DATA SUPPLIED >>
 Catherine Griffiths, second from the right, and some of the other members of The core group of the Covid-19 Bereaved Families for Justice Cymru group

--

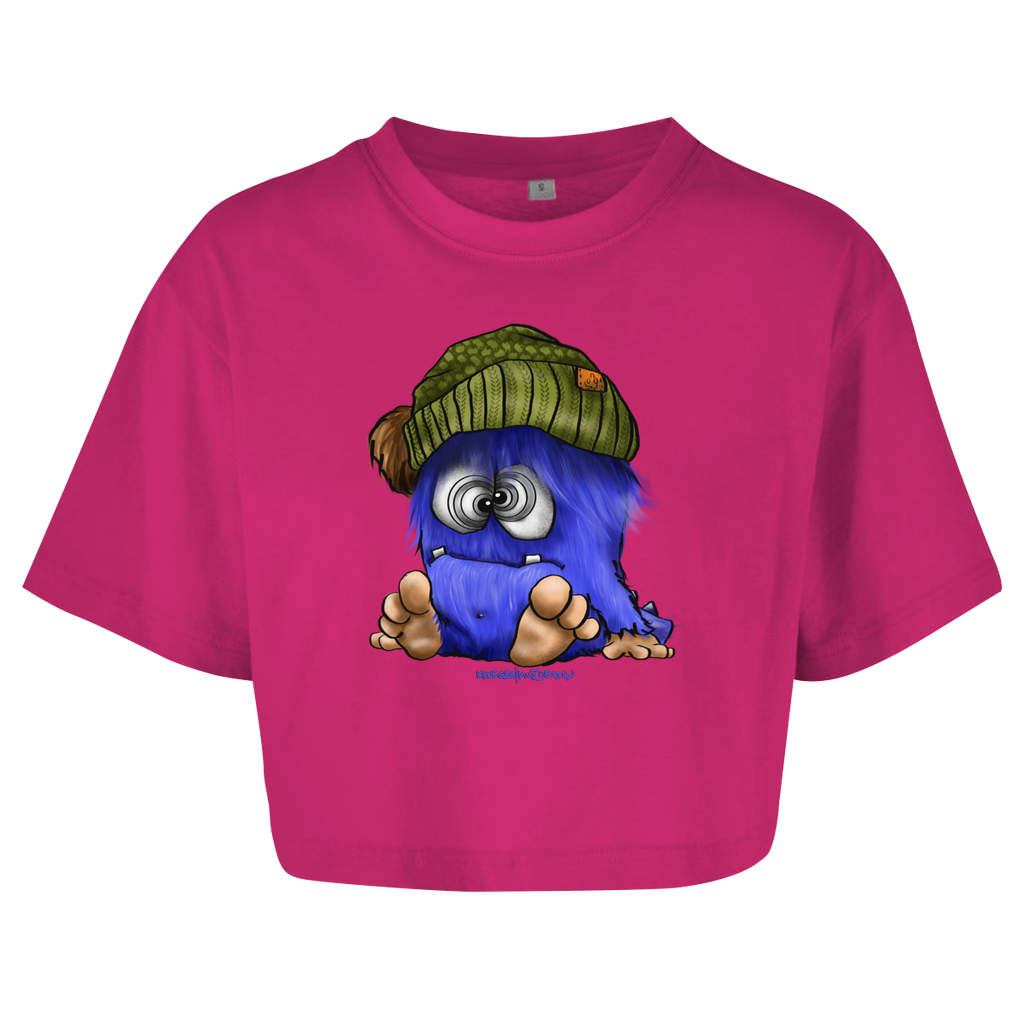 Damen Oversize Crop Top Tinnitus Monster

* * *

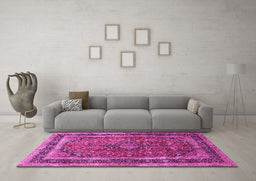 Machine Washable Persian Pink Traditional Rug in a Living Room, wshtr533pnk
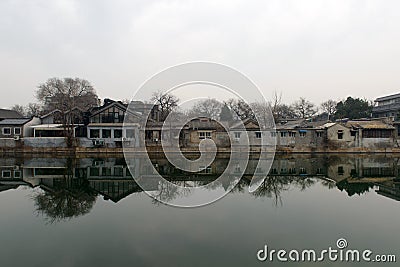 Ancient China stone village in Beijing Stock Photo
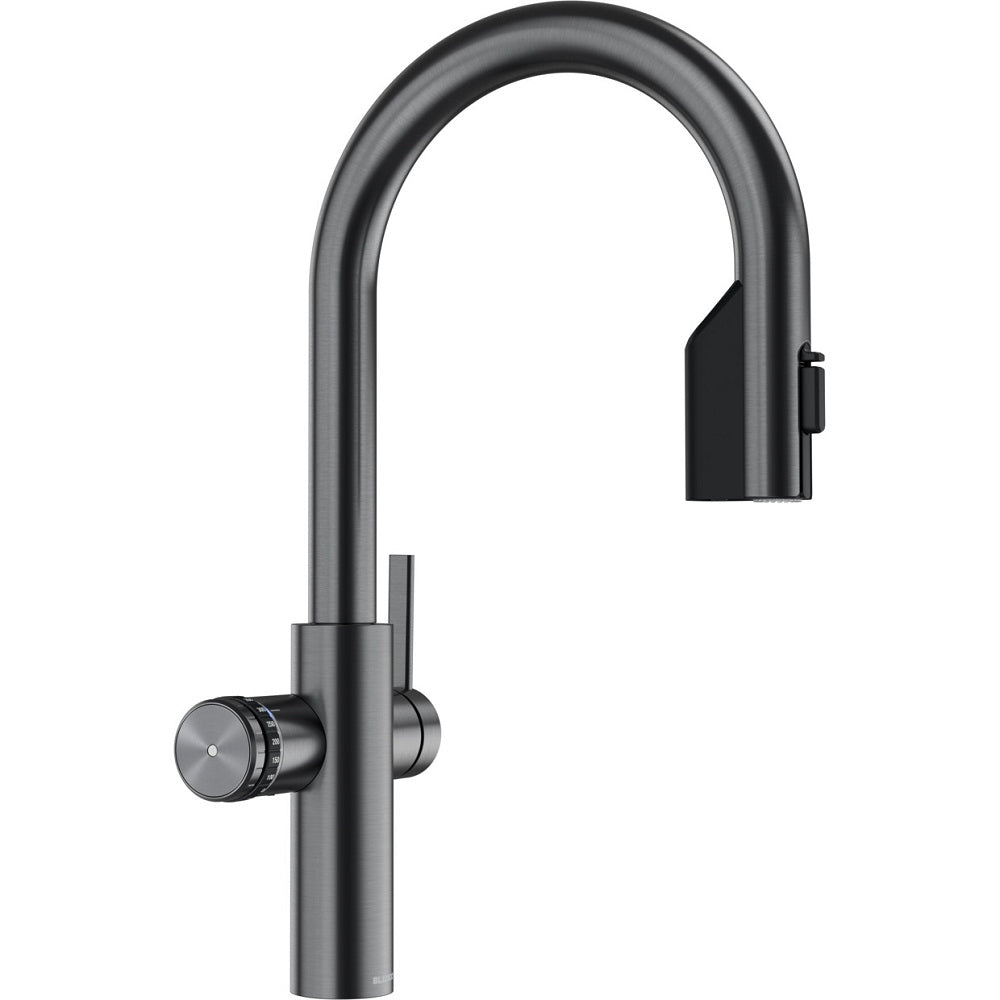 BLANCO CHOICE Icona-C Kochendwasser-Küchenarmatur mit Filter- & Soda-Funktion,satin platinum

PROMPT >> Reproduce the listing above exactly from the line containing "Ancient China stone" up to and including the line containing "BLANCO CHOICE Icona-C", omitting any images and everything outside those lines.

TASK OUTPUT >>
 Ancient China stone village in Beijing Stock Photo
 BLANCO CHOICE Icona-C Kochendwasser-Küchenarmatur mit Filter- & Soda-Funktion,satin platinum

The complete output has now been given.